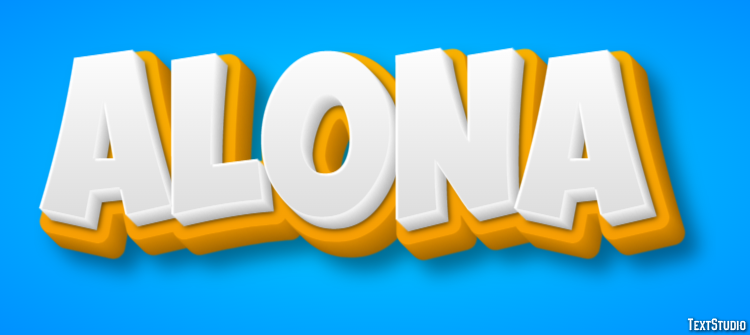 Alona Text Effect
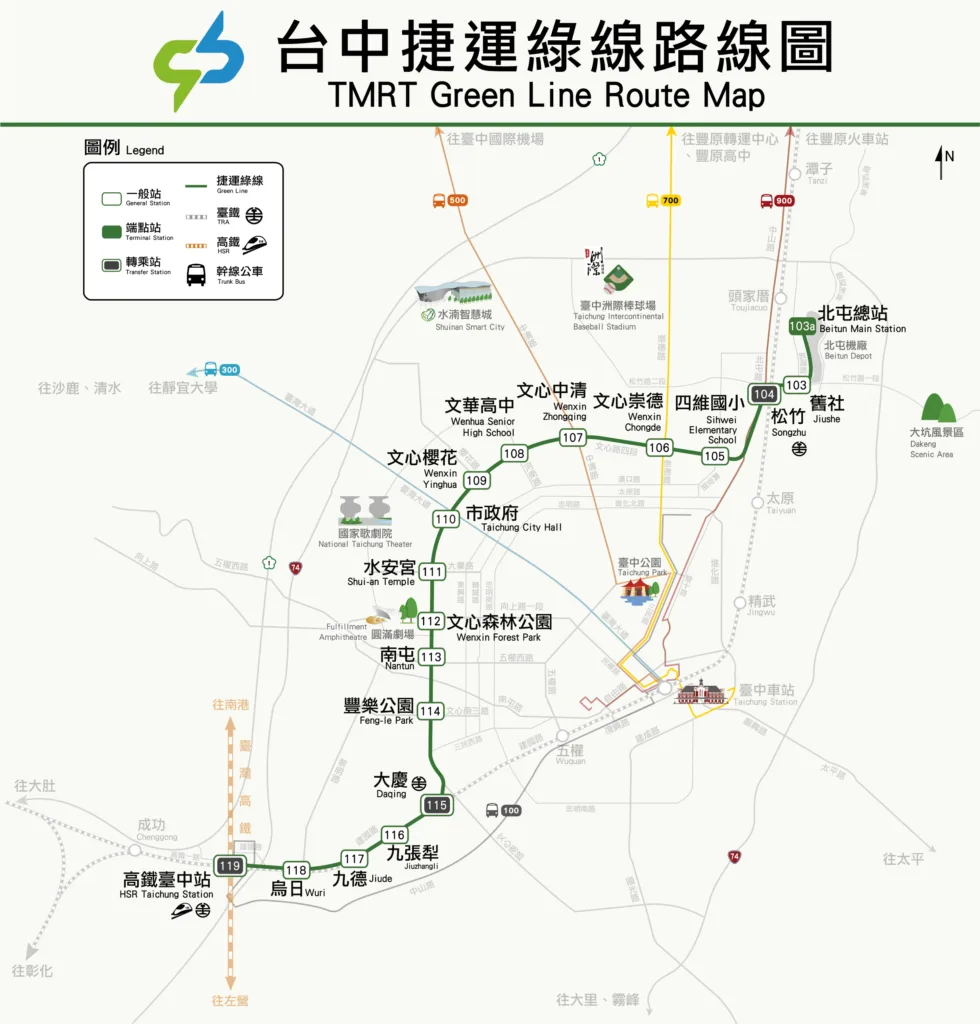 mrt info map - 台中設計週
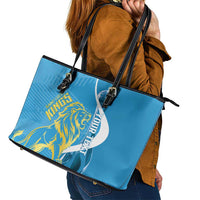 Saint Lucia Kings Cricket Custom Leather Tote Bag 2025 2nd Champions Back To Back - Wonder Print Shop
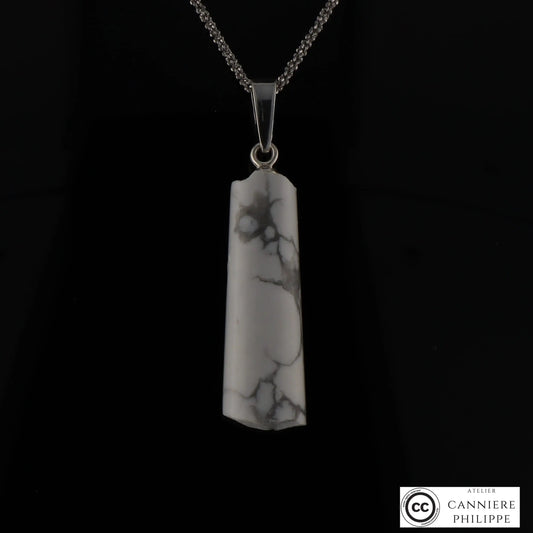 Pendentif Howlite 2 La Taillerie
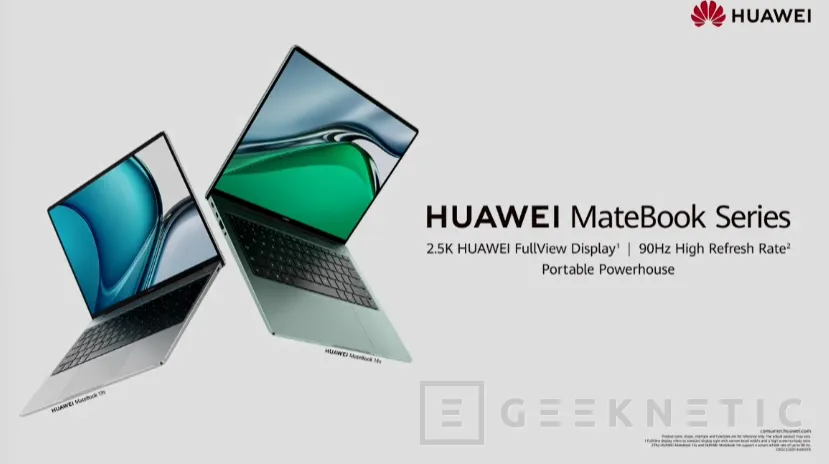 Geeknetic Huawei anuncia sus MateBook 14S con procesadores Intel Core H35 y 16,5 mm de grosor 2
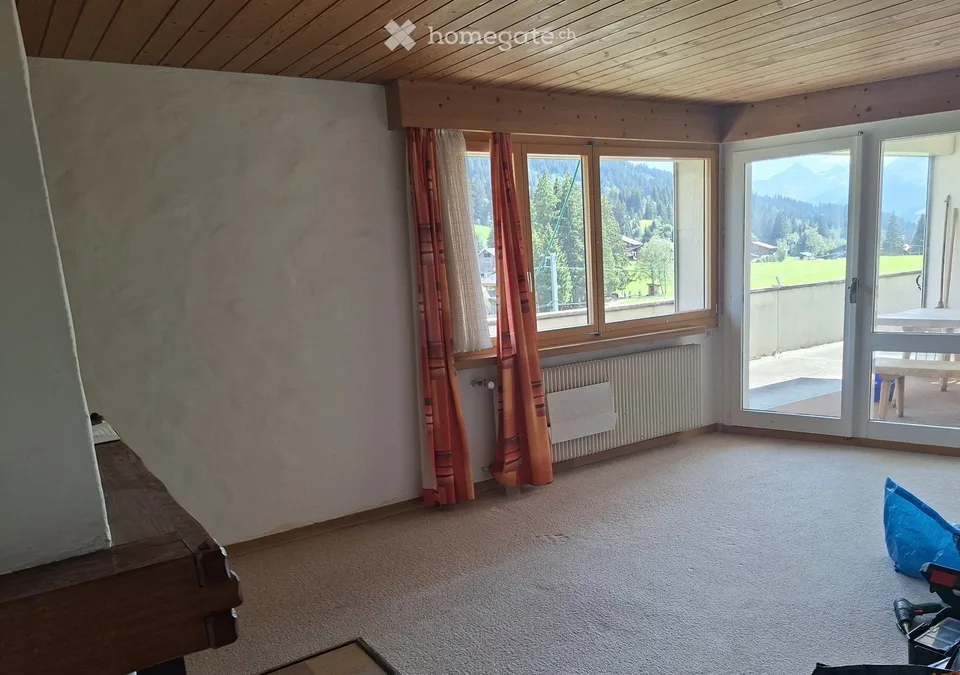 Incantevole appartamento di 4 locali a Saanenmöser con balcone e vista mozzafiato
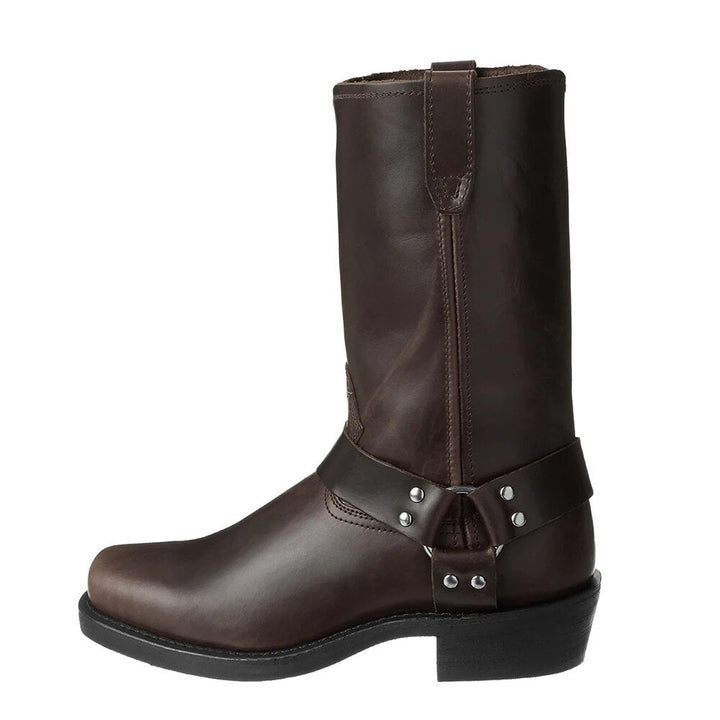 Men's classic cowboy western boots, comfortable and durable. Perfect fall/winter footwear for any classic style.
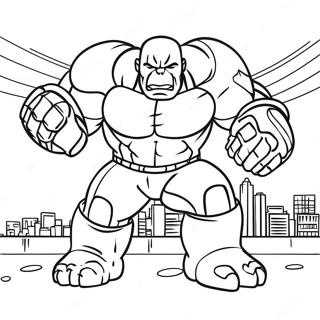 Hulk Buster Geveg Toneel Inkleurblad 89991 30111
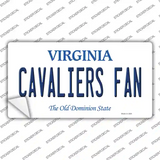 Cavaliers Fan VA Novelty Sticker Decal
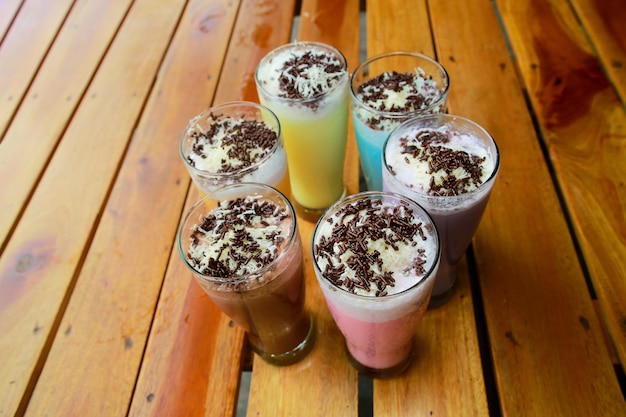 Delizioso milkshake al cioccolato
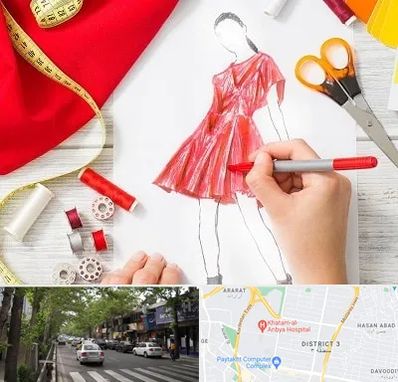 آموزشگاه طراحی لباس در ظفر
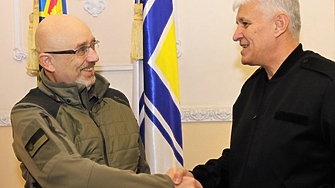 Министърът на отбраната Димитър Стоянов е бил на работно посещение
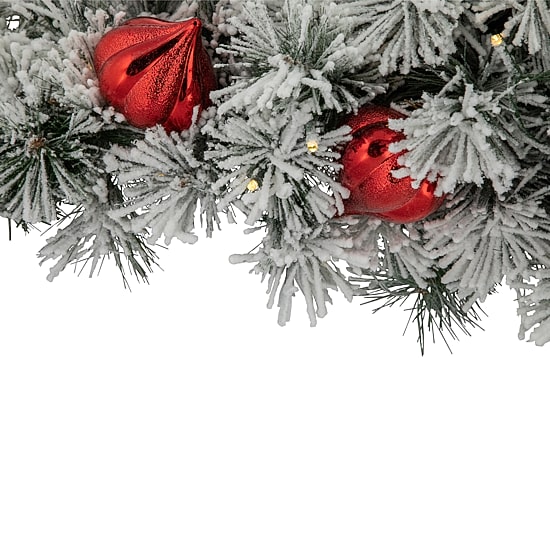 Northlight Snow Bristle Pine Pre-Lit Swag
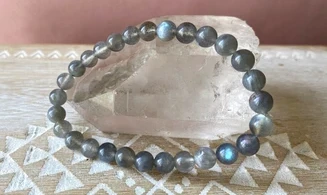 Labradorite pierres Boules bracelet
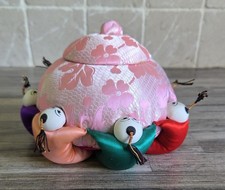 Vintage Pink Silk Chinese Pin
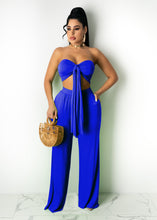 Load image into Gallery viewer, Sexy solid color wide leg pants tube top suit(AY1831)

_ASSIGNED TASK_
Pictures in the records above are left out; print everything else exactly as written.

_TASK RESPONSE_
 Alona Text Effect
 mrt info map - 台中設計週
 Saint Lucia Kings Cricket Custom Leather Tote Bag 2025 2nd Champions Back To Back - Wonder Print Shop
 Pendentif Howlite 2 La Taillerie
 Geeknetic Huawei anuncia sus MateBook 14S con procesadores Intel Core H35 y 16,5 mm de grosor 2
 Incantevole appartamento di 4 locali a Saanenmöser con balcone e vista mozzafiato
 Men's classic cowboy western boots, comfortable and durable. Perfect fall/winter footwear for any classic style.
 Hulk Buster Geveg Toneel Inkleurblad 89991 30111
 Cavaliers Fan VA Novelty Sticker Decal
 Delizioso milkshake al cioccolato
 آموزشگاه طراحی لباس در ظفر
 Министърът на отбраната Димитър Стоянов е бил на работно посещение
 Northlight Snow Bristle Pine Pre-Lit Swag
 Labradorite pierres Boules bracelet
 Vintage Pink Silk Chinese Pin
 Load image into Gallery viewer, Sexy solid color wide leg pants tube top suit(AY1831)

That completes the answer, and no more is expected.